SOURCE DATA below:

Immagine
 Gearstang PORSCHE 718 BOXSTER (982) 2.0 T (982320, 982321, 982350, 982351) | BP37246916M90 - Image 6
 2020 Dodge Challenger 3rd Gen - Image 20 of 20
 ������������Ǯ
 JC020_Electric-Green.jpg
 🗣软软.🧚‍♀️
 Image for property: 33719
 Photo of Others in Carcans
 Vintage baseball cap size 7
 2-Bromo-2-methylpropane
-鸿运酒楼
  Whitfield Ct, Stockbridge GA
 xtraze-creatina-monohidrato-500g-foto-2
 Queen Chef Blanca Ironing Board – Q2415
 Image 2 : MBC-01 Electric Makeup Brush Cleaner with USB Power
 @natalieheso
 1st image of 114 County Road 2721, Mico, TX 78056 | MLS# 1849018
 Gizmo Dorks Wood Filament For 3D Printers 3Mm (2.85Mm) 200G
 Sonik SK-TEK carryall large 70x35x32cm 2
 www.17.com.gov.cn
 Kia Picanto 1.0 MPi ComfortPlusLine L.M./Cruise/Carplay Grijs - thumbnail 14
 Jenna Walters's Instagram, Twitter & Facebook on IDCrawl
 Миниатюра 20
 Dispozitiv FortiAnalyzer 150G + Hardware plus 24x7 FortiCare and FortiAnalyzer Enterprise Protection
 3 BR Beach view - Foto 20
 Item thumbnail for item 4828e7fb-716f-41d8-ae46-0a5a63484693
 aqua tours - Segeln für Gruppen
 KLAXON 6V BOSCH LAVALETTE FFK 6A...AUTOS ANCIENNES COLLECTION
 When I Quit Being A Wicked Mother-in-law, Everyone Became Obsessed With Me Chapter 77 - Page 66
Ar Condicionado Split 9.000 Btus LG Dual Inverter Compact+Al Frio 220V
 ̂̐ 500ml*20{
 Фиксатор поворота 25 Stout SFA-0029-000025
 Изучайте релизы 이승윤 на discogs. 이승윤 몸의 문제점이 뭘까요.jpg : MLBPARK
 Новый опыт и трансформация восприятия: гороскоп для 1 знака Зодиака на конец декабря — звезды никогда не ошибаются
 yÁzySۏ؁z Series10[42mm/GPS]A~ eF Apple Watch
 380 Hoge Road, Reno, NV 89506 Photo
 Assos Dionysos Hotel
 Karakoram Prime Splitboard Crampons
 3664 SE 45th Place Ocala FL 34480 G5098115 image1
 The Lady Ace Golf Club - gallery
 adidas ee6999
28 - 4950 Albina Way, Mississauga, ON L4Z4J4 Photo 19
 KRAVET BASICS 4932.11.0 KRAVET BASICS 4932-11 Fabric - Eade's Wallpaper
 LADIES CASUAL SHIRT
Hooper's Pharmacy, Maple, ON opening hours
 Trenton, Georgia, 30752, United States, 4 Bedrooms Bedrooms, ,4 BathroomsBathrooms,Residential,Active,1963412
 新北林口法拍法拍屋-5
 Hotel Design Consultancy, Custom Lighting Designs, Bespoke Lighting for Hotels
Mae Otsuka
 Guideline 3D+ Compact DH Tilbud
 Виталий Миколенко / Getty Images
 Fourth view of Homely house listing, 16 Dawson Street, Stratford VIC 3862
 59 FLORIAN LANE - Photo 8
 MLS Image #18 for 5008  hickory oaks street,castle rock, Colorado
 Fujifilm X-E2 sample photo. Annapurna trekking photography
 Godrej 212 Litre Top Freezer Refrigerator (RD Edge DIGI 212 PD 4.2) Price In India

End of SOURCE DATA.

**AIM OF THE EXERCISE:**
Word for word, set down every line of the material above.

**RESULT:**
Immagine
 Gearstang PORSCHE 718 BOXSTER (982) 2.0 T (982320, 982321, 982350, 982351) | BP37246916M90 - Image 6
 2020 Dodge Challenger 3rd Gen - Image 20 of 20
 ������������Ǯ
 JC020_Electric-Green.jpg
 🗣软软.🧚‍♀️
 Image for property: 33719
 Photo of Others in Carcans
 Vintage baseball cap size 7
 2-Bromo-2-methylpropane
-鸿运酒楼
  Whitfield Ct, Stockbridge GA
 xtraze-creatina-monohidrato-500g-foto-2
 Queen Chef Blanca Ironing Board – Q2415
 Image 2 : MBC-01 Electric Makeup Brush Cleaner with USB Power
 @natalieheso
 1st image of 114 County Road 2721, Mico, TX 78056 | MLS# 1849018
 Gizmo Dorks Wood Filament For 3D Printers 3Mm (2.85Mm) 200G
 Sonik SK-TEK carryall large 70x35x32cm 2
 www.17.com.gov.cn
 Kia Picanto 1.0 MPi ComfortPlusLine L.M./Cruise/Carplay Grijs - thumbnail 14
 Jenna Walters's Instagram, Twitter & Facebook on IDCrawl
 Миниатюра 20
 Dispozitiv FortiAnalyzer 150G + Hardware plus 24x7 FortiCare and FortiAnalyzer Enterprise Protection
 3 BR Beach view - Foto 20
 Item thumbnail for item 4828e7fb-716f-41d8-ae46-0a5a63484693
 aqua tours - Segeln für Gruppen
 KLAXON 6V BOSCH LAVALETTE FFK 6A...AUTOS ANCIENNES COLLECTION
 When I Quit Being A Wicked Mother-in-law, Everyone Became Obsessed With Me Chapter 77 - Page 66
Ar Condicionado Split 9.000 Btus LG Dual Inverter Compact+Al Frio 220V
 ̂̐ 500ml*20{
 Фиксатор поворота 25 Stout SFA-0029-000025
 Изучайте релизы 이승윤 на discogs. 이승윤 몸의 문제점이 뭘까요.jpg : MLBPARK
 Новый опыт и трансформация восприятия: гороскоп для 1 знака Зодиака на конец декабря — звезды никогда не ошибаются
 yÁzySۏ؁z Series10[42mm/GPS]A~ eF Apple Watch
 380 Hoge Road, Reno, NV 89506 Photo
 Assos Dionysos Hotel
 Karakoram Prime Splitboard Crampons
 3664 SE 45th Place Ocala FL 34480 G5098115 image1
 The Lady Ace Golf Club - gallery
 adidas ee6999
28 - 4950 Albina Way, Mississauga, ON L4Z4J4 Photo 19
 KRAVET BASICS 4932.11.0 KRAVET BASICS 4932-11 Fabric - Eade's Wallpaper
 LADIES CASUAL SHIRT
Hooper's Pharmacy, Maple, ON opening hours
 Trenton, Georgia, 30752, United States, 4 Bedrooms Bedrooms, ,4 BathroomsBathrooms,Residential,Active,1963412
 新北林口法拍法拍屋-5
 Hotel Design Consultancy, Custom Lighting Designs, Bespoke Lighting for Hotels
Mae Otsuka
 Guideline 3D+ Compact DH Tilbud
 Виталий Миколенко / Getty Images
 Fourth view of Homely house listing, 16 Dawson Street, Stratford VIC 3862
 59 FLORIAN LANE - Photo 8
 MLS Image #18 for 5008  hickory oaks street,castle rock, Colorado
 Fujifilm X-E2 sample photo. Annapurna trekking photography
 Godrej 212 Litre Top Freezer Refrigerator (RD Edge DIGI 212 PD 4.2) Price In India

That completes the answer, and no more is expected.